▸ The task
What must be written out is each line from the one holding "Quiksilver_QS1013_Capsized_Black_Rubber_Red_Mirror_9" through the end of the records, word for word, minus any pictures.

▸ Data shown
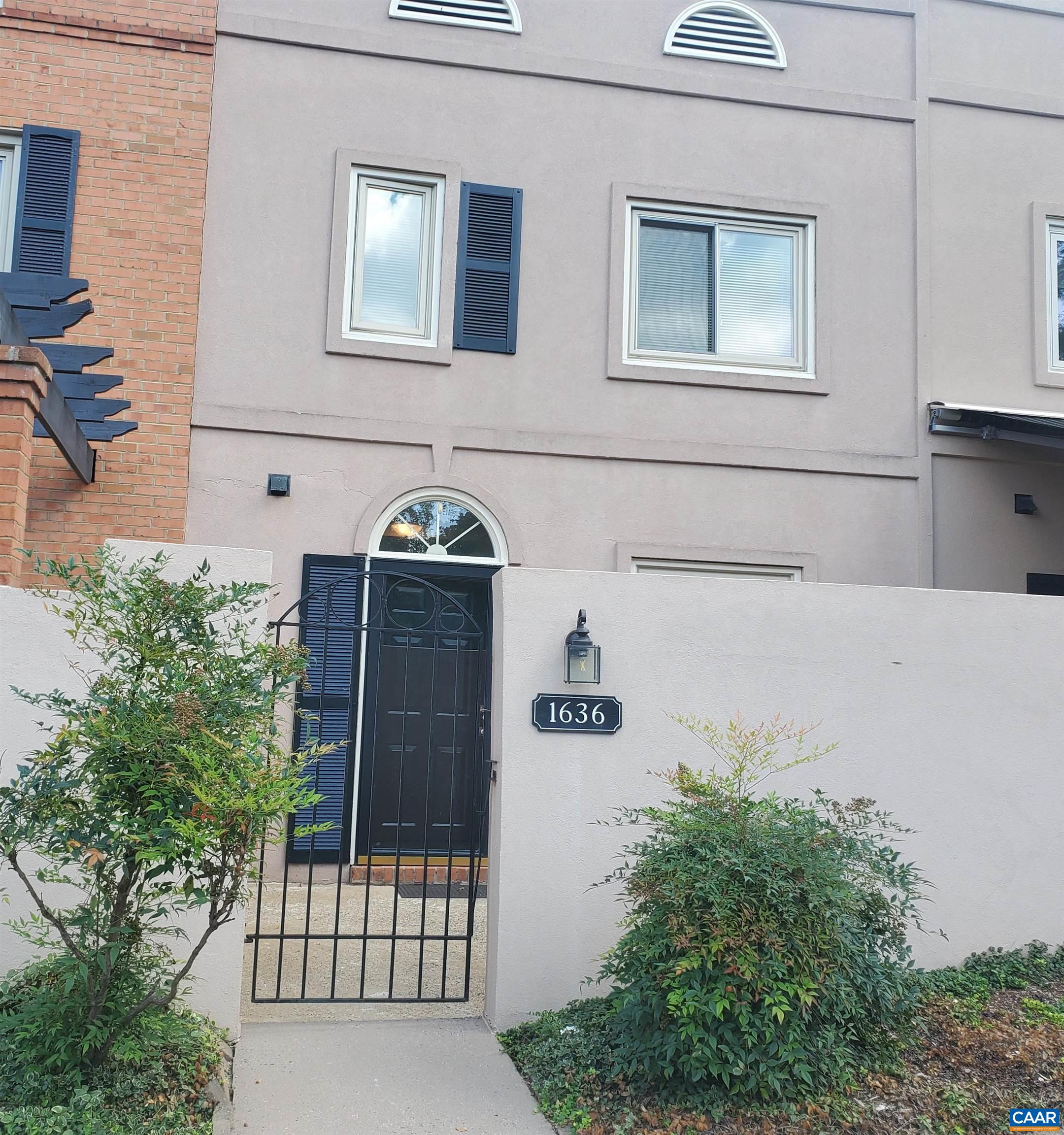 1636 GARDEN CT, CHARLOTTESVILLE, Virginia 22902, 2 Bedrooms Bedrooms, ,2 BathroomsBathrooms,Residential,1636 GARDEN CT,681304 MLS # 681304 1636 GARDEN CT, CHARLOTTESVILLE, Virginia 22902, 2 Bedrooms Bedrooms, ,2 BathroomsBathrooms,Residential,1636 GARDEN CT,681304 MLS # 681304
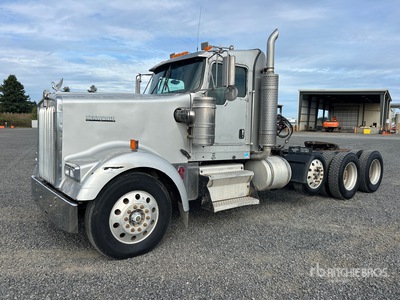 2005 Kenworth W900B 8x4 Tracteur routier
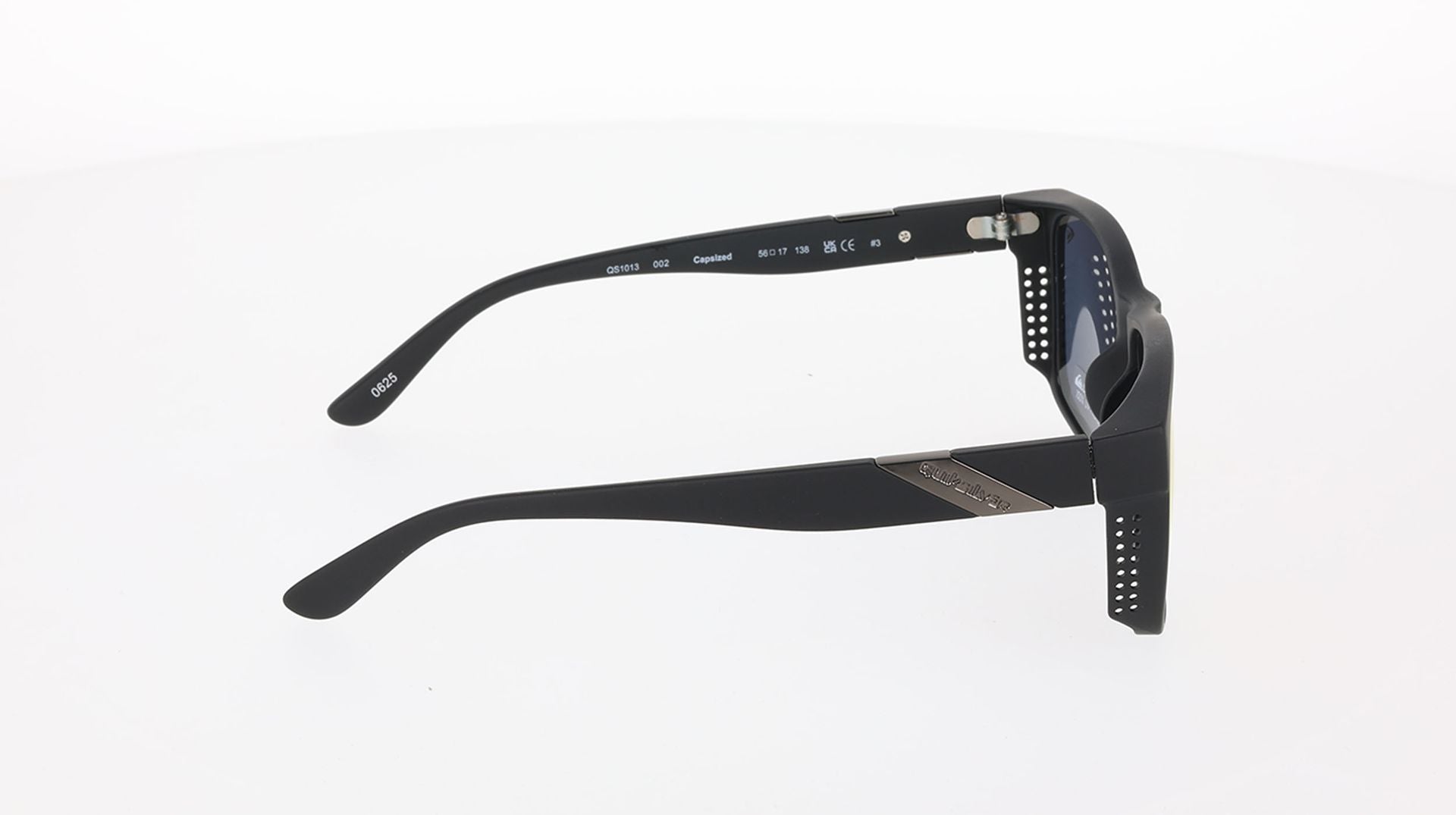Quiksilver_QS1013_Capsized_Black_Rubber_Red_Mirror_9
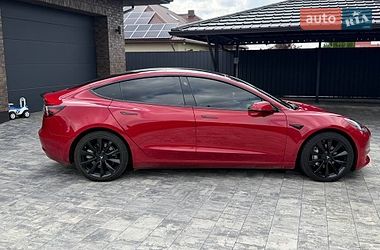 Седан Tesla Model 3 2019 в Луцьку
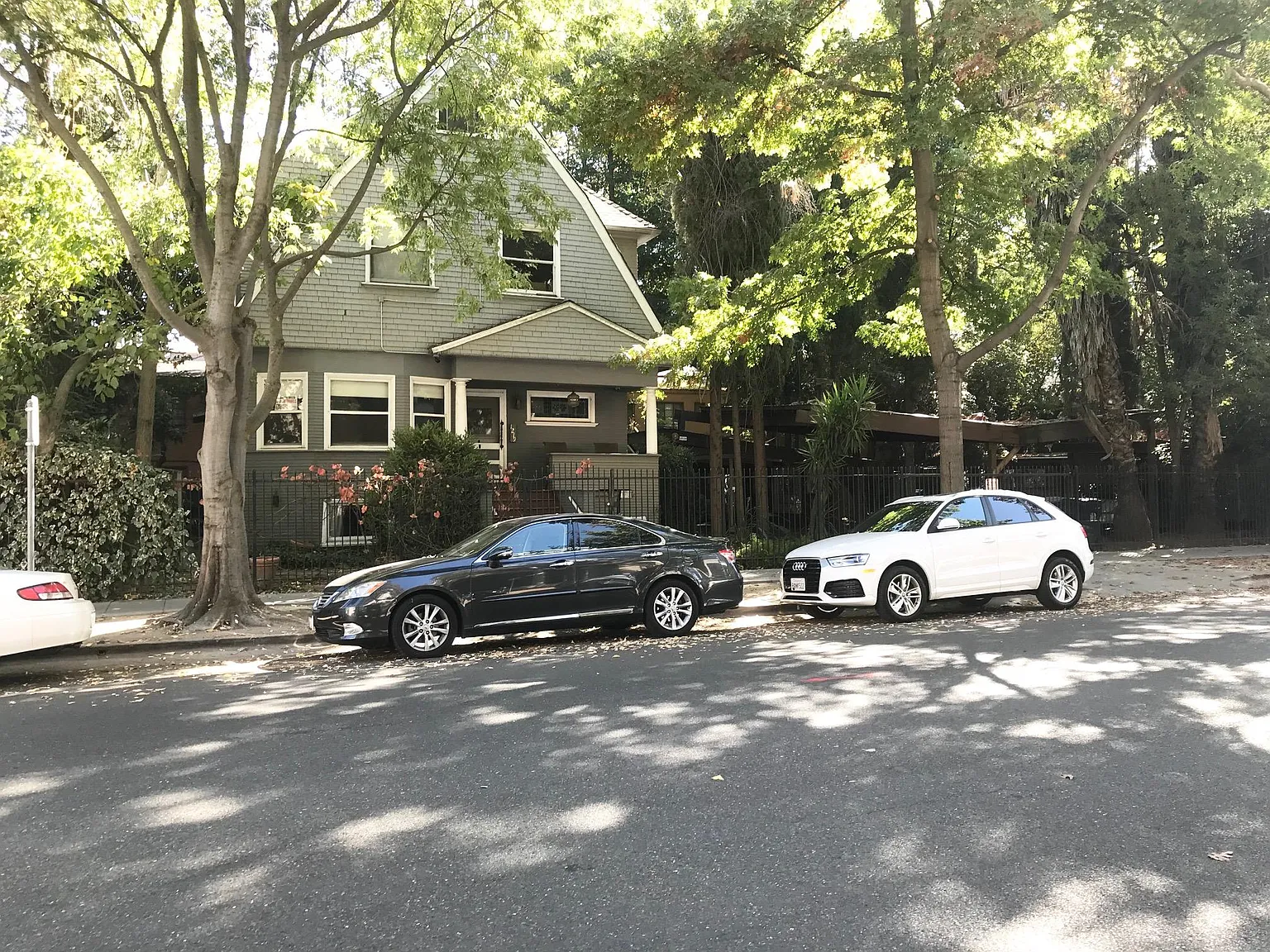 1219 17th St — Photo 1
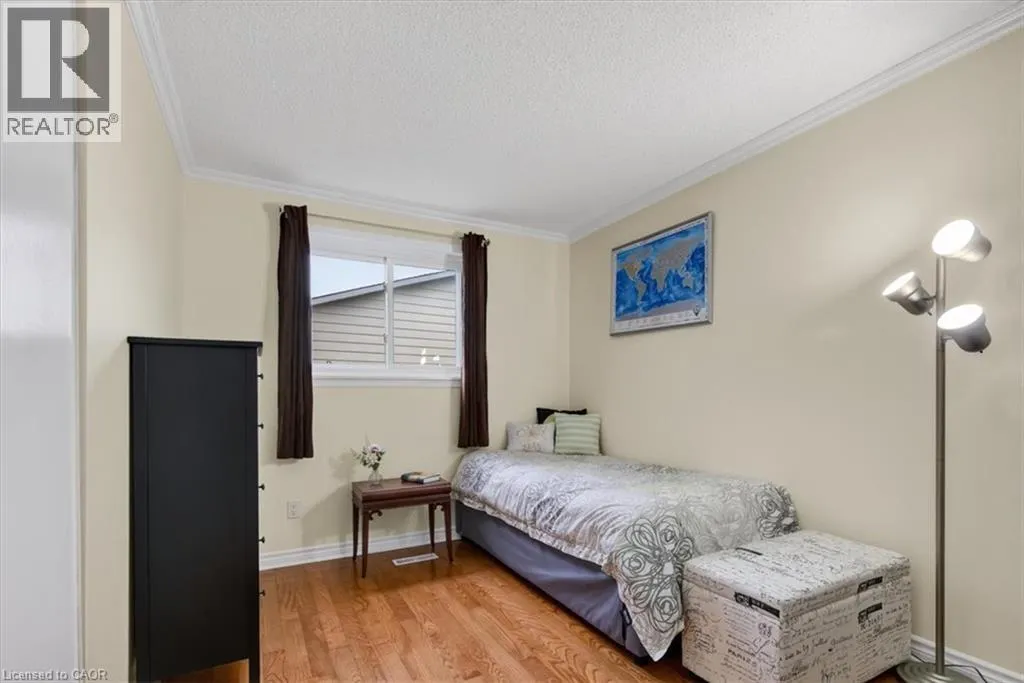 479 WOODVIEW Road Unit# 3 #3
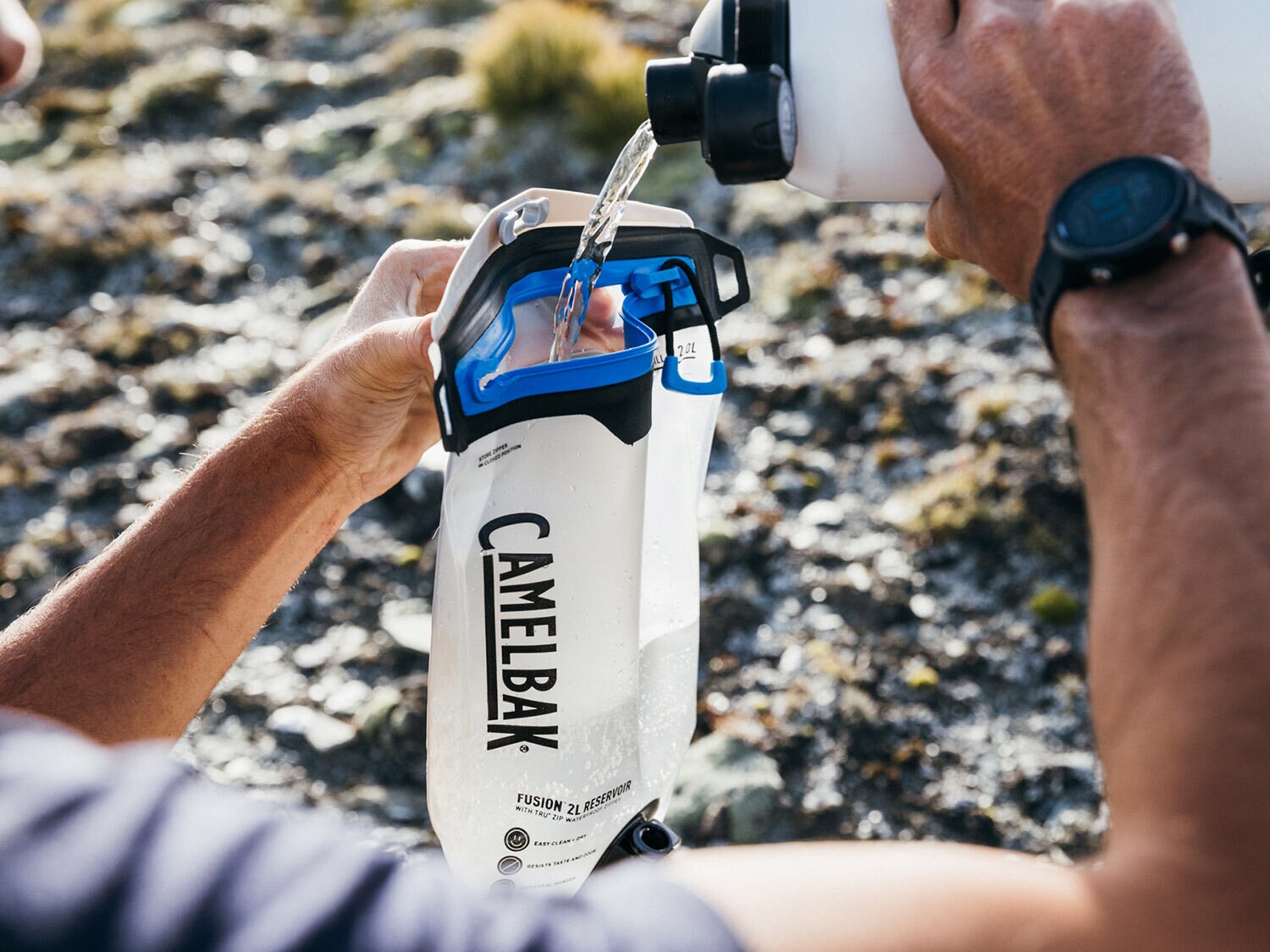 https://www.camelbakshop.fi/pub_docs/files/FilteredbyLifeStraw/FW_ZEPHYR-9136.jpg_web.jpg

▸ Worked solution
Quiksilver_QS1013_Capsized_Black_Rubber_Red_Mirror_9
 Седан Tesla Model 3 2019 в Луцьку
 1219 17th St — Photo 1
 479 WOODVIEW Road Unit# 3 #3
 https://www.camelbakshop.fi/pub_docs/files/FilteredbyLifeStraw/FW_ZEPHYR-9136.jpg_web.jpg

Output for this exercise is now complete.